Predatory publishers operate in many ways, using academics' need to have research outputs and disseminate their research (through, for example, publishing or presenting at conferences) to extort money. Academics can be spammed and invited to publish with the promise of quick and easy publication. Fake journals with titles similar to legitimate ones are one of the methods used in the scams. Authors are invited to publish and asked for a fee upfront. Then, their paper is either published, without any editorial work, in a journal with little or no credibility within scholarly circles or not published at all. In some cases people have been invited to present at fake conferences. These scams are sophisticated and may link to websites that initially look legitimate. The scams evolve rapidly so there is a need to be vigilant, question and investigate to avoid being a victim.
Two useful resources are the OASPA (Online Open Access Scholarly Publishers Association) website which has lists of legitimate Open Access journals and the Think,Check Submit guide that provides advice to researchers on questions to ask before deciding to publish in a particular journal. It is important that researchers make an informed choice on where to publish.

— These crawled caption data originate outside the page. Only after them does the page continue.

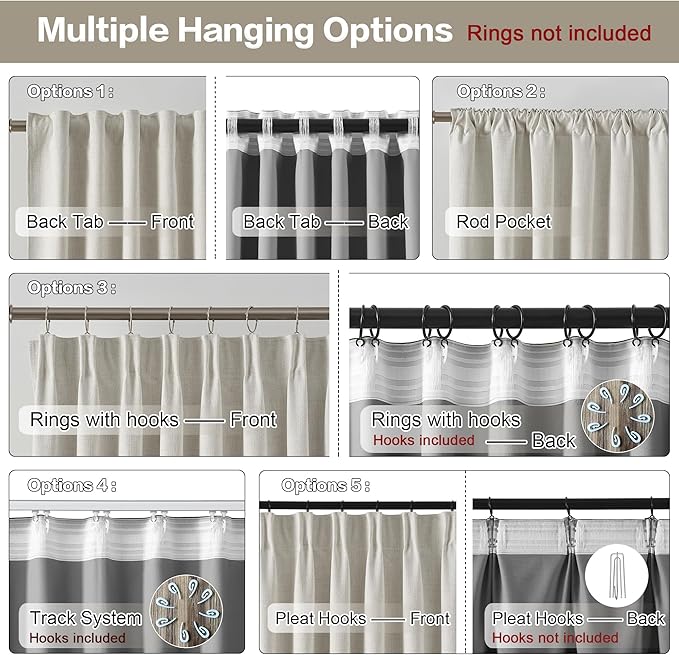 RAIN CITY Linen Blackout Curtain 90 Inches Long 2 Panels Set,Modern Neutral Black Out Hooks Drapes for Sliding Glass Door/Living Room Traverse Back Tab Cottagecore Nursery 50"x90" Natural Birch/Ivory
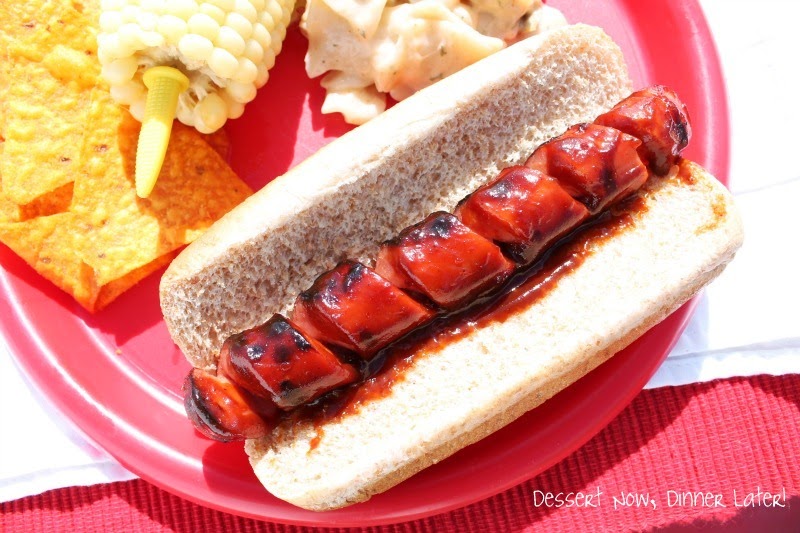 Spiraled BBQ Hot Dogs Dessert Now, Dinner Later!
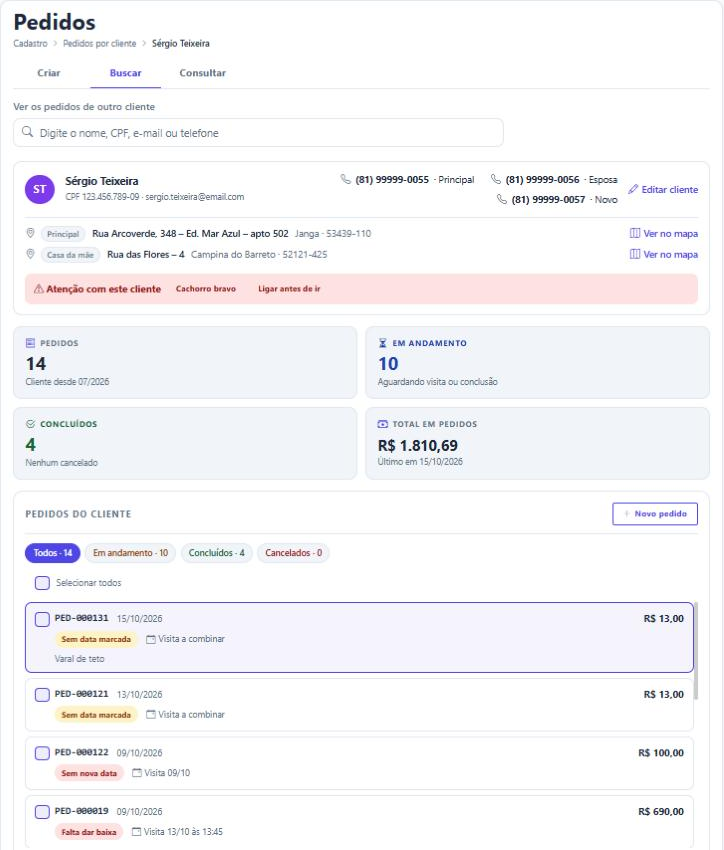 Pedidos de um cliente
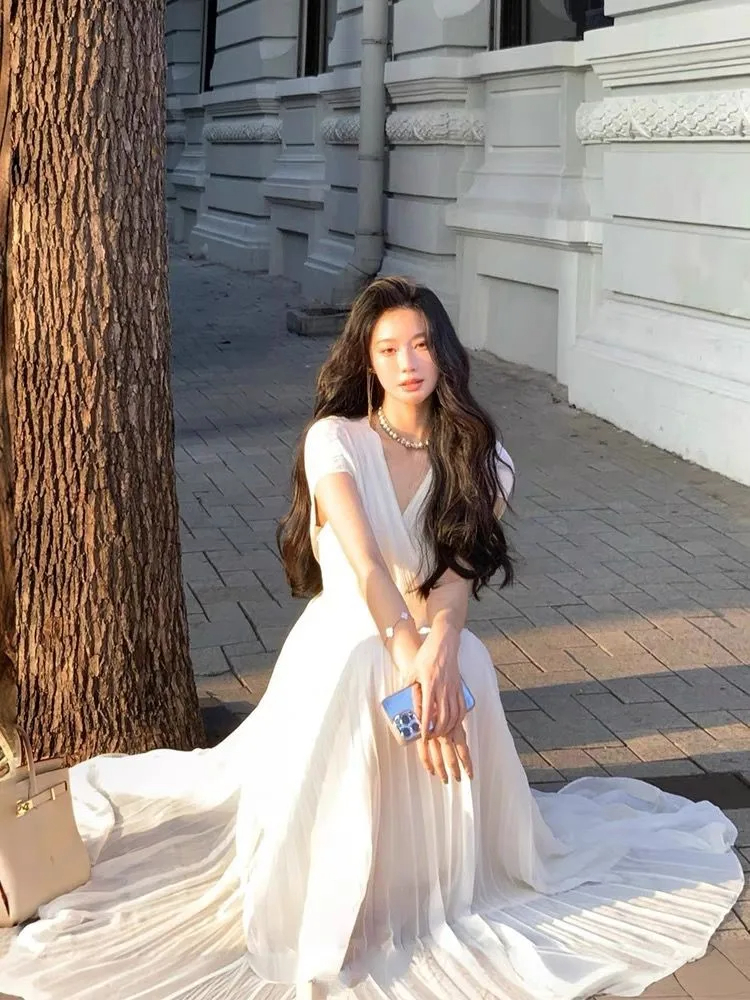 فستان صيفي طويل بطيات فرنسي كلاسيكي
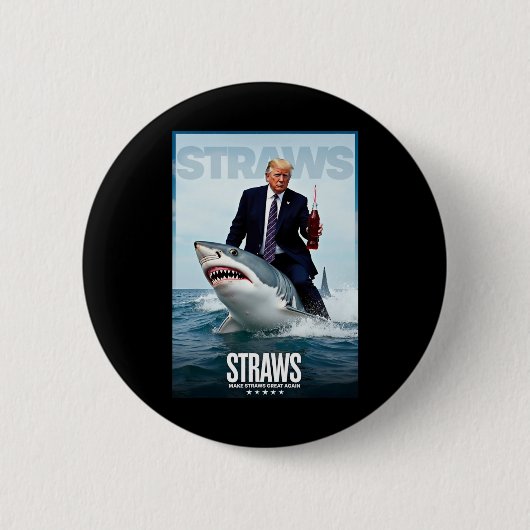 Mach Strohhalme wieder großartig Meme-Design Button (Vorderseite)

Previously there has been some reliance on lists of journal titles and publishers who were seen as not following ethical processes or not adhering to trustworthy models. Beall's List was the best known list. This list is no longer being actively curated and it has been removed from the guide.
The research community needs to use scholarly social networks to identify and share information on publishers that deceive, lack transparency or otherwise fail to follow industry standards.